Per rilanciare l’economia dei paesi la sola soluzione è impedire la nascita di altri centri commerciali, ritornare ad un’economia basata sul territorio locale e sulle sue peculiarità come agricoltura e artigianato.
Regolamentare nuovamente orari di chiusura ed apertura delle attività commerciali con la reintroduzione del giorno infrasettimanale di chiusura e domenica festiva in base ai settori merceologi per ridare dignità e riposo alla vita dei soggetti che operano nel commercio, ai lavoratori e alle piccole imprese dove proprietari e dipendenti spesso coincidono e sono tutti sfruttati dal capitale.
Bisognerebbe gettare le basi per la creazione di un piano strategico che tenda ad assorbire buona parte dei lavoratori sfruttati dalle grandi multinazionali e, attraverso agevolazioni, dare loro la possibilità di poter scegliere di prendere possesso dei vari negozi sfitti all’interno dei centri storici e delle città. Fare in modo che quei luoghi figli del capitalismo più sfrenato siano sempre più isolati, far perdere loro fascino in favore delle città riportando all’interno di esse i consumi (e non il consumismo!).
Regolamentare le nuove attività commerciali che vorranno operare sul territorio inserendo dei vincoli affinché la stessa categoria merceologica non si ripeta numerose volte rispettando vincoli di metraggio inteso come distanza l’uno dall’altro e mettendo un tetto massimo per categoria in base al numero di abitanti di un comune.
Solo così si può iniziare a difendere una categoria di lavoratori che è ormai da troppo tempo abbandonata da tutte le parti perché troppo borghese per la sinistra e troppo proletaria per la destra. Una categoria di lavoratori che è stata costretta dai governi e dal capitalismo ad auto-sfruttarsi, lavorare sempre più giorni fino a completare la settimana intera di lavoro per provare a reggere la concorrenza con i grandi mostri del capitalismo per provare a riuscire a guadagnare qualcosa oltre le tasse da pagare, essendo certi di non aver alcun paracadute sociale.
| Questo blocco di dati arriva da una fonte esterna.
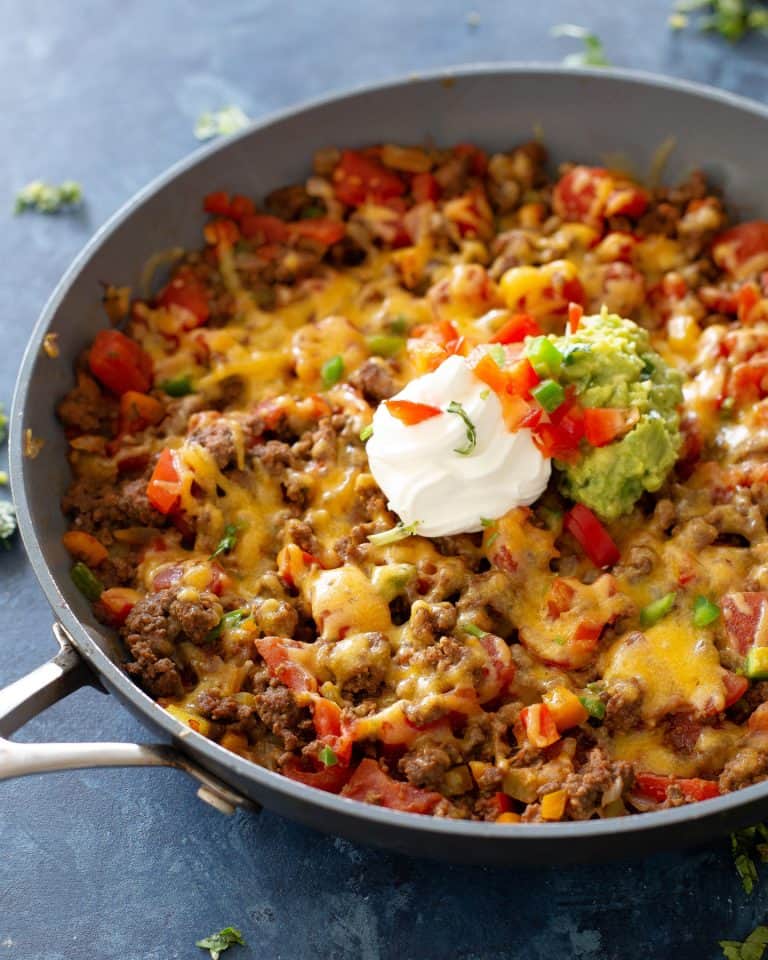 Taco Skillet (low-carb/Keto) | The Girl Who Ate Everything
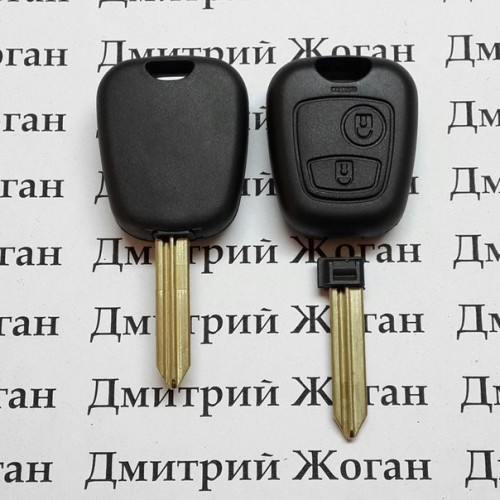 Корпус ключа для Citroën Berlingo (Ситроен Берлинго),2 кнопки, с лезвием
E solo così si può provare a ricostruire un tessuto sociale che è ormai morto: non si è più abituati a camminare e percorrere i paesi, non si è più abituati a chiacchierare, si è sempre più soli emarginati ed incattiviti nei confronti di tutti con una certa propensione a vomitare odio verso il più debole, forse perché ci siamo tutti abituati ad essere soli, magari circondati da mille luci, musica e realtà mistificate che ti illudono di vivere un film, ma in realtà si è soli in mezzo al nulla; soli come tanti lavoratori del commercio ed artigiani si sentono in questa fase storica, nel silenzio assordante di tutti; soli così come ci vuole la belva, per attaccarci meglio.